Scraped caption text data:
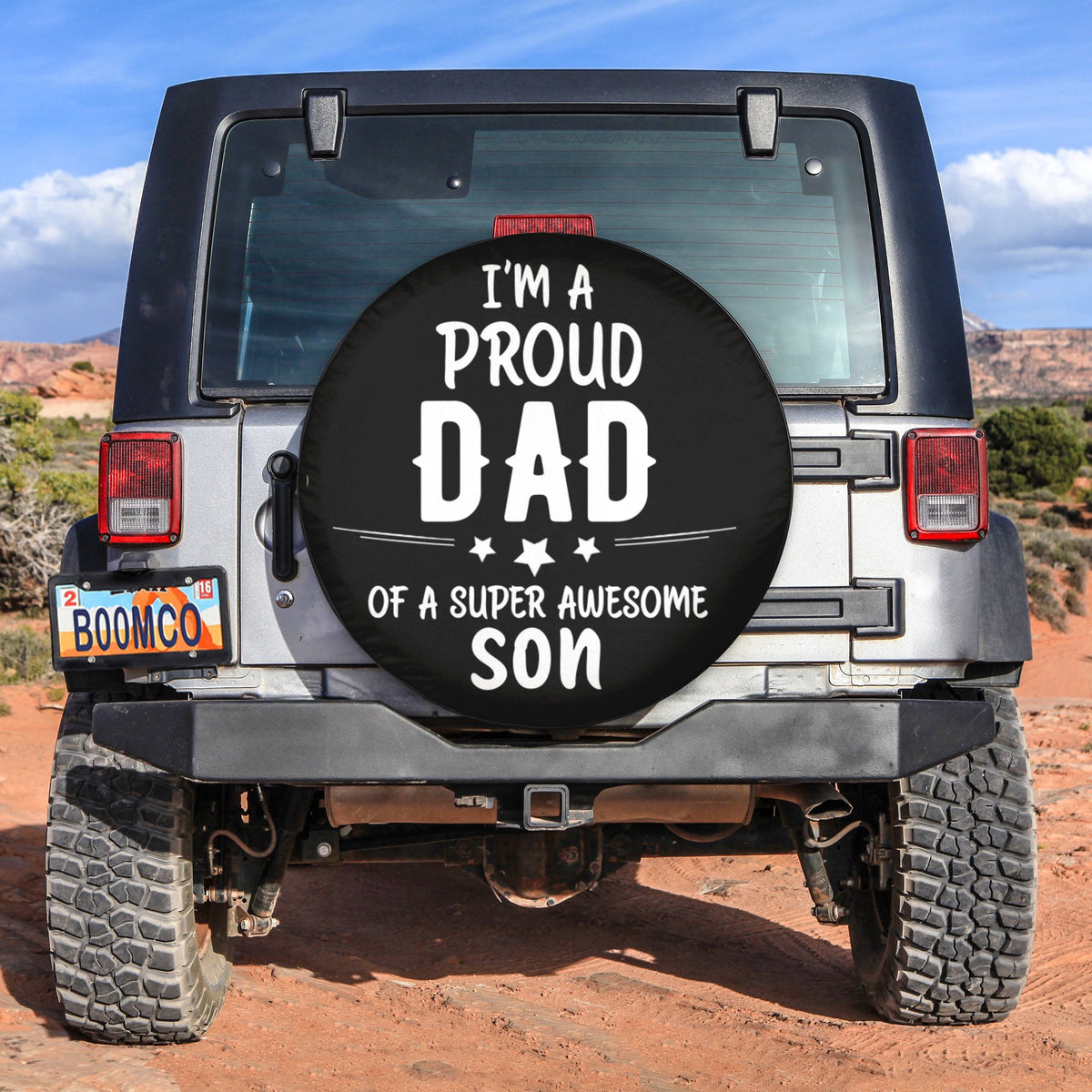 Father's Day Tire Covers - I'm A Proud Dad Of A Super Awesome Son Spare Tire Cover NO.103 LT8 - Wonder Print Shop
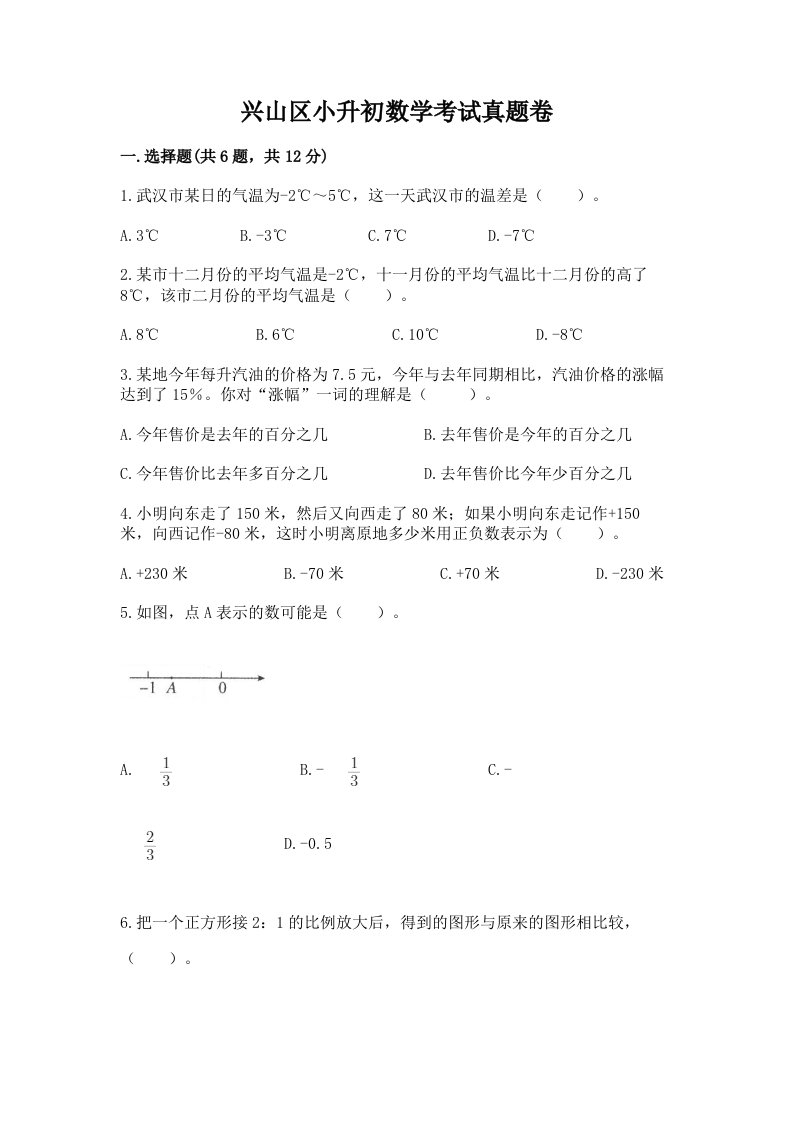 兴山区小升初数学考试真题卷新版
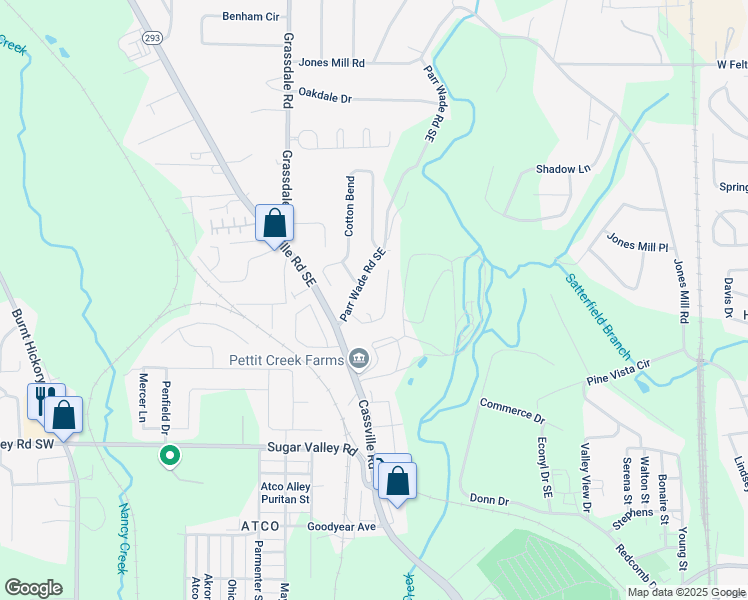 map of restaurants, bars, coffee shops, grocery stores, and more near 25 Wesley Trce Southeast in Cartersville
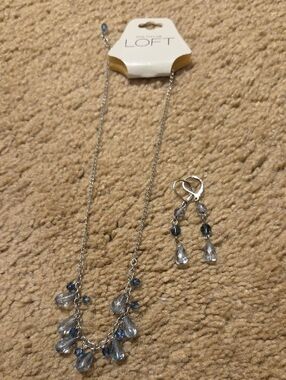 LOFT Silver Necklace and Drop Earrings with Blue and Gray Crystals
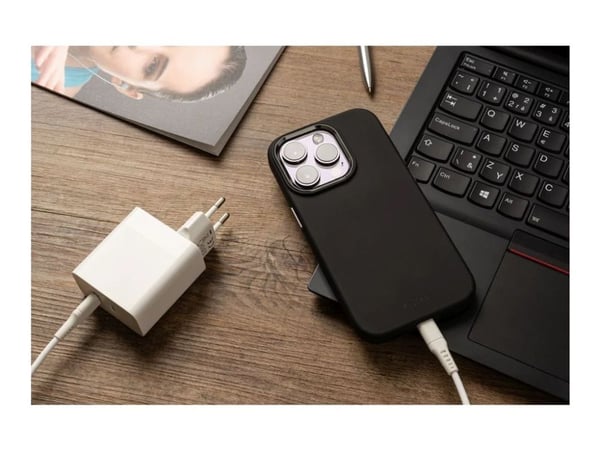 Fixed MagFlow - Baksidedeksel for mobiltelefon - MagSafe-samsvar - væskesilikon - svart - for Apple iPhone 15 Plus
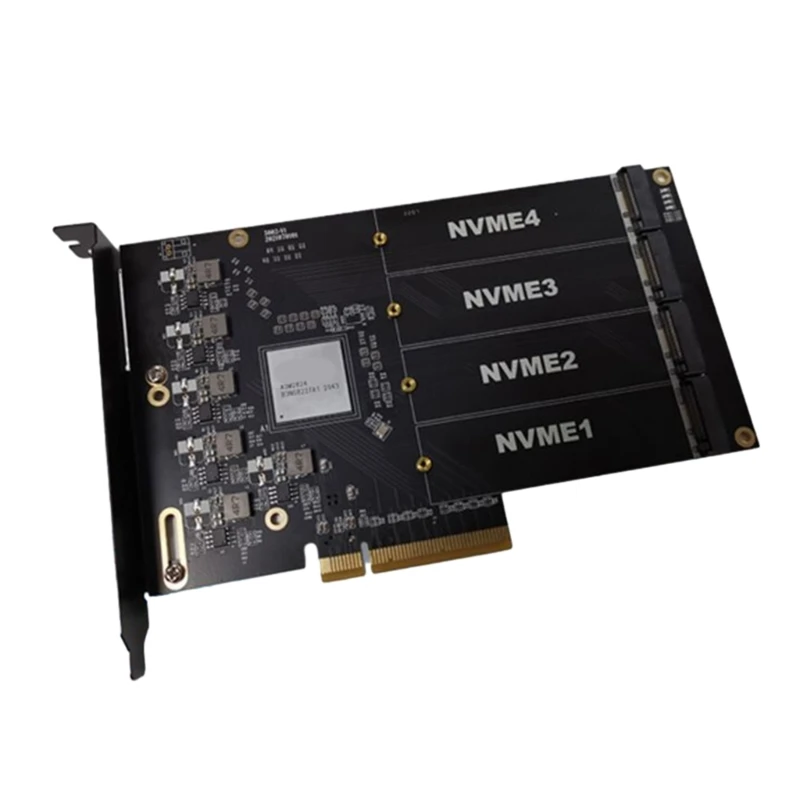 

4 Slots Pcie4.0 x16 to .2 M-Key nvme x 4 SSD Expansion Card Card 64Gbps Transfer Speed 6400mbps Reader and Write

### Work request:
All of the entries above are to be written out exactly, with no pictures.

### Response to this task:
 Father's Day Tire Covers - I'm A Proud Dad Of A Super Awesome Son Spare Tire Cover NO.103 LT8 - Wonder Print Shop
 兴山区小升初数学考试真题卷新版
 map of restaurants, bars, coffee shops, grocery stores, and more near 25 Wesley Trce Southeast in Cartersville
 LOFT Silver Necklace and Drop Earrings with Blue and Gray Crystals
 Fixed MagFlow - Baksidedeksel for mobiltelefon - MagSafe-samsvar - væskesilikon - svart - for Apple iPhone 15 Plus

4 Slots Pcie4.0 x16 to .2 M-Key nvme x 4 SSD Expansion Card Card 64Gbps Transfer Speed 6400mbps Reader and Write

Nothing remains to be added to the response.